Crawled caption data

--- START ---

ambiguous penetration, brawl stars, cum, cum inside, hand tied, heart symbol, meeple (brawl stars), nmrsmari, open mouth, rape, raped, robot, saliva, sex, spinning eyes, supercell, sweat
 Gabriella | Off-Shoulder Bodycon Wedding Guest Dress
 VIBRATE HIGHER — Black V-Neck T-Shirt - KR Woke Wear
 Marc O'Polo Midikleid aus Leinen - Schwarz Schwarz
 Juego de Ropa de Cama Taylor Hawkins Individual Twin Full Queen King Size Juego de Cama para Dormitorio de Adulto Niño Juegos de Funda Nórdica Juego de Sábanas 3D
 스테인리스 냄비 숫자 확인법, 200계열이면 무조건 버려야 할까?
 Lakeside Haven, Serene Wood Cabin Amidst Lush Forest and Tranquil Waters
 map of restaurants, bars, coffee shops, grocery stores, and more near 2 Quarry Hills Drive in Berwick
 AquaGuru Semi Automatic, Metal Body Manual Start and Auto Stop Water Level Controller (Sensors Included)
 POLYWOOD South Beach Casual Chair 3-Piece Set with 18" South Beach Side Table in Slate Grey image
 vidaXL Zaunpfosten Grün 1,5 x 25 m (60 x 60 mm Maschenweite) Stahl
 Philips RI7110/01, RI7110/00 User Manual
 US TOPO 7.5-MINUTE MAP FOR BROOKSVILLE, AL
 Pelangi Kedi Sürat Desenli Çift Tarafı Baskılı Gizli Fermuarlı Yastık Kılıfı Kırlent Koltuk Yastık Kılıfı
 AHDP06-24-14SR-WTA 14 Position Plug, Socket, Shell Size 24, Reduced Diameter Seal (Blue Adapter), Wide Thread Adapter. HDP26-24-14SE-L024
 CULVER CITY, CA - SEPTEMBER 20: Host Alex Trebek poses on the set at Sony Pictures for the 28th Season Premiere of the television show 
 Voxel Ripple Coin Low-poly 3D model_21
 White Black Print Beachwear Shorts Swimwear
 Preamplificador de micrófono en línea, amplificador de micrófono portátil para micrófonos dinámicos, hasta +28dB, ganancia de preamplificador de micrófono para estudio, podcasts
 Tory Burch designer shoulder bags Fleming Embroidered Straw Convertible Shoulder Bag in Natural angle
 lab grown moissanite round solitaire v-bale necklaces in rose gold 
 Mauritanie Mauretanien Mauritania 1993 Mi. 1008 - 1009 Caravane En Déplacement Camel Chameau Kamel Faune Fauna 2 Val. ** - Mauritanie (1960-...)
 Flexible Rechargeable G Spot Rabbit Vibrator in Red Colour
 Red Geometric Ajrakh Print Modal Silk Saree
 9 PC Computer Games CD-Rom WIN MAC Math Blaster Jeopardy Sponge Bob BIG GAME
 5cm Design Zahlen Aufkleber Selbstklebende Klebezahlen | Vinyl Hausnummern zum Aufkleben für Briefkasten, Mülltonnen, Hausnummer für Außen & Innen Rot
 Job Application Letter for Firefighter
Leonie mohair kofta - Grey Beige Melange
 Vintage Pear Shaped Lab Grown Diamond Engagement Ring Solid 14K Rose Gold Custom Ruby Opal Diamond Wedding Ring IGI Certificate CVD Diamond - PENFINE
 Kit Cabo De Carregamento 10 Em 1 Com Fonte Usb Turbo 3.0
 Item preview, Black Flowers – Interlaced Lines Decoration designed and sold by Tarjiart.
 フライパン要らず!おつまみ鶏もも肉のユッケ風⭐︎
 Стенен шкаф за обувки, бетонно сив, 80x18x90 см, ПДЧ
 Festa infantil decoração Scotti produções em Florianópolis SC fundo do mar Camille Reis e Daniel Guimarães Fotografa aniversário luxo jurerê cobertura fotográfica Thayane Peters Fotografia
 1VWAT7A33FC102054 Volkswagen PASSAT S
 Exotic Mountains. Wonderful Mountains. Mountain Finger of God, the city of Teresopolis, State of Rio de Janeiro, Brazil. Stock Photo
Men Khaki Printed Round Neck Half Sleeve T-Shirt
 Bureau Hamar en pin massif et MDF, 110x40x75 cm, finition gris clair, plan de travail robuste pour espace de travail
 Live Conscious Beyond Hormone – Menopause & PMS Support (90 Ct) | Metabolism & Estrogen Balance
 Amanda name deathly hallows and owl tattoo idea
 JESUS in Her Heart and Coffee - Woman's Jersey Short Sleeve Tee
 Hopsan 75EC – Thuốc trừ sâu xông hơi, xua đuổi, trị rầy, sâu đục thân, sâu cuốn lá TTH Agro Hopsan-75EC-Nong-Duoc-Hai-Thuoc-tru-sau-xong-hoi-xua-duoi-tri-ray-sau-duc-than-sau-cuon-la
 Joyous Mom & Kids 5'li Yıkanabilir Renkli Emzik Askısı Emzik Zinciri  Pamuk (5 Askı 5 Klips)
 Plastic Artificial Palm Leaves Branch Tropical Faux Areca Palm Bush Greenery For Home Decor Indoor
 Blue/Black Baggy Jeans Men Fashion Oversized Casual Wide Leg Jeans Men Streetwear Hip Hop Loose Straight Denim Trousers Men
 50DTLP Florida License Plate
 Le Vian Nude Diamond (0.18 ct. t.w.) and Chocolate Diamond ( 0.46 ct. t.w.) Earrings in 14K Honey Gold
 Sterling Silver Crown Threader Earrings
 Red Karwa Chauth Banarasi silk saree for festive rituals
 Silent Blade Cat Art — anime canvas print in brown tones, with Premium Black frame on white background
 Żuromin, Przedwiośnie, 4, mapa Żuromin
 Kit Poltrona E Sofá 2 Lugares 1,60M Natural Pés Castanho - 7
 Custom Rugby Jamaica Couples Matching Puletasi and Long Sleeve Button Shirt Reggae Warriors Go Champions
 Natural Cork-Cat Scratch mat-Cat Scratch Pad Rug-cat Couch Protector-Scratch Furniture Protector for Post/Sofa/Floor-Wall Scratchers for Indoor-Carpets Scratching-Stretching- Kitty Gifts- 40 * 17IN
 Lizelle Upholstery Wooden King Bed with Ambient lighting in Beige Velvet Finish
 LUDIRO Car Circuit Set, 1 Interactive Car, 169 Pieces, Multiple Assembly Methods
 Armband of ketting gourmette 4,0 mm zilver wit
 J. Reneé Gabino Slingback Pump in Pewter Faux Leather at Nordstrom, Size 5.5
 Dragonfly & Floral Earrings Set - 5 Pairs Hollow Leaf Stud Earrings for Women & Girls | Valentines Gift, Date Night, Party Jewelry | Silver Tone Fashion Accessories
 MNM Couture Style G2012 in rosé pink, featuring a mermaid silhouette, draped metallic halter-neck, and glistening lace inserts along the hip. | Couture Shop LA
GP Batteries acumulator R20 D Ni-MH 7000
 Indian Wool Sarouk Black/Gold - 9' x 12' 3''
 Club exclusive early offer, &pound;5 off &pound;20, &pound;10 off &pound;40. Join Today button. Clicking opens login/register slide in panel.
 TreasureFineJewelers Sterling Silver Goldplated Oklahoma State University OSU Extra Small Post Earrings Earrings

--- END ---

→ **EXERCISE BRIEF**:
Above are records; repeat only the lines starting at the line with "Philips RI7110/01, RI7110/00 User Manual" and ending at the line with "Men Khaki Printed", exactly as they appear, both included.

→ **WRITTEN SOLUTION**:
 Philips RI7110/01, RI7110/00 User Manual
 US TOPO 7.5-MINUTE MAP FOR BROOKSVILLE, AL
 Pelangi Kedi Sürat Desenli Çift Tarafı Baskılı Gizli Fermuarlı Yastık Kılıfı Kırlent Koltuk Yastık Kılıfı
 AHDP06-24-14SR-WTA 14 Position Plug, Socket, Shell Size 24, Reduced Diameter Seal (Blue Adapter), Wide Thread Adapter. HDP26-24-14SE-L024
 CULVER CITY, CA - SEPTEMBER 20: Host Alex Trebek poses on the set at Sony Pictures for the 28th Season Premiere of the television show 
 Voxel Ripple Coin Low-poly 3D model_21
 White Black Print Beachwear Shorts Swimwear
 Preamplificador de micrófono en línea, amplificador de micrófono portátil para micrófonos dinámicos, hasta +28dB, ganancia de preamplificador de micrófono para estudio, podcasts
 Tory Burch designer shoulder bags Fleming Embroidered Straw Convertible Shoulder Bag in Natural angle
 lab grown moissanite round solitaire v-bale necklaces in rose gold 
 Mauritanie Mauretanien Mauritania 1993 Mi. 1008 - 1009 Caravane En Déplacement Camel Chameau Kamel Faune Fauna 2 Val. ** - Mauritanie (1960-...)
 Flexible Rechargeable G Spot Rabbit Vibrator in Red Colour
 Red Geometric Ajrakh Print Modal Silk Saree
 9 PC Computer Games CD-Rom WIN MAC Math Blaster Jeopardy Sponge Bob BIG GAME
 5cm Design Zahlen Aufkleber Selbstklebende Klebezahlen | Vinyl Hausnummern zum Aufkleben für Briefkasten, Mülltonnen, Hausnummer für Außen & Innen Rot
 Job Application Letter for Firefighter
Leonie mohair kofta - Grey Beige Melange
 Vintage Pear Shaped Lab Grown Diamond Engagement Ring Solid 14K Rose Gold Custom Ruby Opal Diamond Wedding Ring IGI Certificate CVD Diamond - PENFINE
 Kit Cabo De Carregamento 10 Em 1 Com Fonte Usb Turbo 3.0
 Item preview, Black Flowers – Interlaced Lines Decoration designed and sold by Tarjiart.
 フライパン要らず!おつまみ鶏もも肉のユッケ風⭐︎
 Стенен шкаф за обувки, бетонно сив, 80x18x90 см, ПДЧ
 Festa infantil decoração Scotti produções em Florianópolis SC fundo do mar Camille Reis e Daniel Guimarães Fotografa aniversário luxo jurerê cobertura fotográfica Thayane Peters Fotografia
 1VWAT7A33FC102054 Volkswagen PASSAT S
 Exotic Mountains. Wonderful Mountains. Mountain Finger of God, the city of Teresopolis, State of Rio de Janeiro, Brazil. Stock Photo
Men Khaki Printed Round Neck Half Sleeve T-Shirt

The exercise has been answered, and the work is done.